Now, big fire, do as your little brother does.
He touched the flickering flame to the skin on his arm.


Harris saw the Bunsen burner on the table flare up in spontaneous combustion and saw Doc burn himself with the match. It made no sense.

But the flame from the burner bent as though it were hinged and struck one of the gunmen in the back, igniting his suit coat. The man yelled, spun around to confront his tormenter, and the wash of living fire struck him across his face; he screamed again as his hair and hat ignited.

It was a moment's distraction for the battery of men firing against Doc's associates; they glanced at their burning comrade, their faces angry, confused.

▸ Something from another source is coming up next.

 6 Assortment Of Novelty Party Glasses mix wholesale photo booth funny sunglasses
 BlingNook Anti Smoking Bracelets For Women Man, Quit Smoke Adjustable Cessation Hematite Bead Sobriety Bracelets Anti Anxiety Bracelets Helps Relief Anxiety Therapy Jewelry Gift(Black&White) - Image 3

Doc popped up from behind his table and fired twice with that big pistol. One of the red-suited men jerked and fell, spraying more gunfire into the floor as he collapsed. Another staggered back, the deeper red of blood staining the arm of his coat. And all the while, the living fire reached out, hungrily straining to touch another of the red-suited men.

Harris spotted Alastair crouching beside one of the wall cabinets. The doctor had gotten it open; inside hung pistols, a sword that looked like an ornate fencing weapon, and a submachine gun much like the ones the red-suited men carried. Alastair, daring, reached up to grab the big gun. Bullets plowed into the case around him but he snatched the weapon down.

Jean-Pierre and Noriko were nowhere to be seen.

Then he saw the woman; on the far side of the attacking men, she popped up from behind a table like a lightning-fast jack-in-the-box. She held a sword in a two-handed grip, the blade back over her shoulder, and lunged at the nearest man, whose back was to her. She swung the blade at him, blindingly fast, but missed; she immediately ducked out of sight again.

miss. Harris saw a thin red line appear on the man's neck. The red-suited man fell over. Impossibly, horribly, his head separated from his body and the two parts seemed to fall in slow motion. Arterial spray from the neck hit the ceiling as if fired from a water-sprinkler, then tracked down the wall as the body hit the floor. The head hit, rolled a few yards, and fetched up against a stool.

Most of the men were fanning out and away from the aggressive burner flame but concentrating their fire on Doc, keeping him pinned down. Two were hosing down another, distant, toppled table, perhaps where Jean-Pierre was. But one, armed with a revolver instead of a submachine gun, seemed to be intent on an object he held in one hand; it looked like an old-fashioned volt-meter with a black plastic case. He waved it around, then pointed it more or less in Harris' direction . . . and looked straight at Harris. He smiled.

The man trotted toward him, ignoring the gunfire as though it were a light rain. Another gunman, this one carrying a submachine gun, followed.

Harris sank down and retreated, scooting on his stomach to slide back under the sofa he'd lain on a few minutes before.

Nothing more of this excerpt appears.